“La felicità è reale solo quando è condivisa…” Con queste parole si chiude un film magnifico firmato da Sean Penn e vincitore della sezione Premiere della Festa del Cinema di Roma. Queste parole mi hanno colpito come una scarica elettrica, e non perché fossero particolarmente belle o chissà. Perché da quel momento tutto mi è parso più chiaro.
«Into the Wild» è un film splendido. La regia lirica di Sean Penn, le musiche discrete e penetranti di Eddie Vedder, la storia di una ribellione e di un viaggio che tutti noi vorremmo fare, ma che non abbiamo il coraggio di intraprendere. Christopher McCandless ha avuto quel coraggio e ha seguito fino in fondo la sua vocazione. Ha viaggiato senza soldi, ha conosciuto uomini e donne, ha preferito la solitudine dell’Alaska ed è morto solo. Il suo viaggio ha illuminato lo spettatore, lo ha reso cosciente dell’artificialità del mondo in cui vive, lo ha fatto ricongiungere per un po’ con l’autenticità della Natura e dei rapporti umani.
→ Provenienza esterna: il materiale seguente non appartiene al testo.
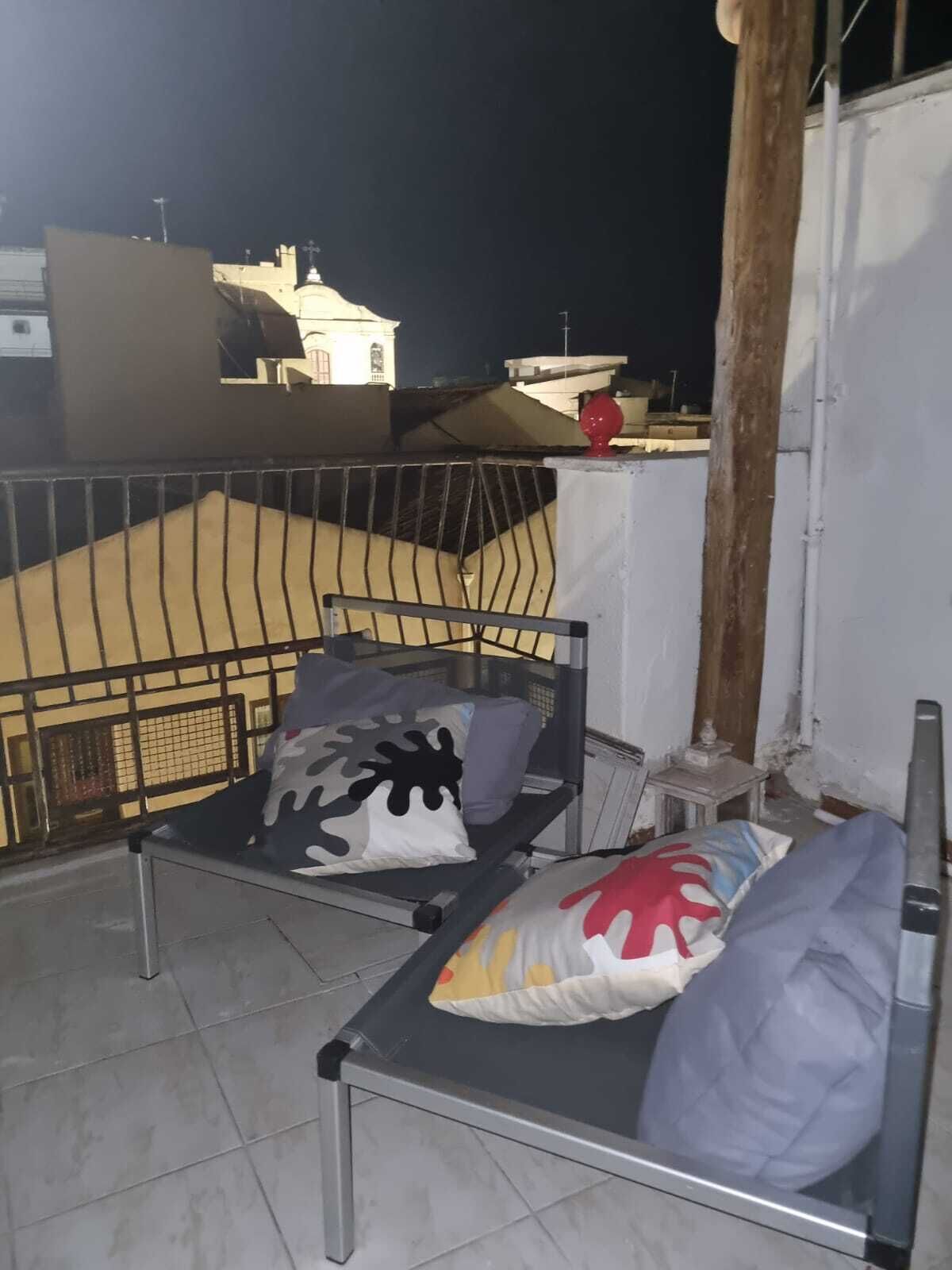 En balkon med gelænder, en seng med puder, og bygninger i baggrunden.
Eppure Into the Wild rimane a mio avviso un capolavoro mancato. E la sua mancanza, paradossalmente, risiede proprio nel personaggio protagonista, quel Chris McCandless interpretato da Emile Hirsch. Non per colpa dell’interprete, ma per colpa del suo fascino. Sean Penn vede in McCandless un personaggio quasi mitico, un’icona della rabbia giovane e della ricerca della purezza, arriva a “venerarlo” cinematograficamente. Costruisce il film su di lui, non lo perde un attimo e lo segue fino in fondo. Lo guarda dolcemente arrendersi di fronte alla forza prorompente della natura selvaggia. E come spesso capita quando si raccontano i “santi” o i “miti”, la narrazione si dimentica dei lati oscuri, ruvidi, imperfetti del personaggio. Ed ecco che mentre guardo la ribellione di McCandless non riesco a togliermi dalla mente il personaggio di Timothy Treadwell del documentario di Werner Herzog Grizzly Man e soprattutto Jack Nicholson in Cinque Pezzi Facili, quel Robert “Eroica” Duprea che trent’anni prima era stato icona di quella stessa rabbia giovanile che luccica in Chris McCandless. Tuttavia Duprea era cupo, teso; la sua ribellione, il suo disgusto per la società borghese rappresentato in primis dalla sua famiglia era segnato da una fortissima tensione emotiva, dall’incapacità di adattarsi. Per questo motivo non poteva restare, doveva fuggire, viaggiare, anche a costo di ferire delle persone che amava. McCandless fa un viaggio simile che lo porta prima tra gli uomini (i momenti con Vince Vaughn e con gli hippy) e poi nelle terre selvagge, da solo. Ma la sua tensione dov’è? Da dove sgorga la sua follia, il suo disgusto per la società (e anche qui per la famiglia)? Soffre? Fa soffrire sul serio?
Forse, ma non ne siamo sicuri. Il motivo è semplice: Sean Penn si affida alle frasi fatte dei libri preferiti di Chris, da Tolstoj a Byron, per raccontare questi sentimenti. E questo risulta un pochino intellettuale, freddo. Chris è troppo puro per poterlo amare.

Chi ha amato il film si faccia una domanda: ho amato Chris oppure ho amato l’idea di Chris, la sua utopia, il suo viaggio? Per me la risposta è la seconda e ancora mi dispiace che sia così.

A pochi secondi dalla fine, però, ecco la scarica elettrica: “La felicità è reale solo quando è condivisa…”. In punto di morte Chris scrive queste poche parole, quasi come se volesse rifiutare di entrare nel mito con un ammissione di debolezza: il suo personaggio esplode solo negli ultimi istanti in tutta la drammatica complessità che fino a quel momento non siamo riusciti a sentire. Ed è quella frase che ti rimane dentro, perché è vera, è genuina, è umana. Chris non è più un idolo, ma un ragazzo. Peccato che quest’umanità sbocci solo così tardi: se avesse percorso come un filo di lana tutto il film, non starei qui a parlare di capolavoro mancato, ma di un capolavoro e basta.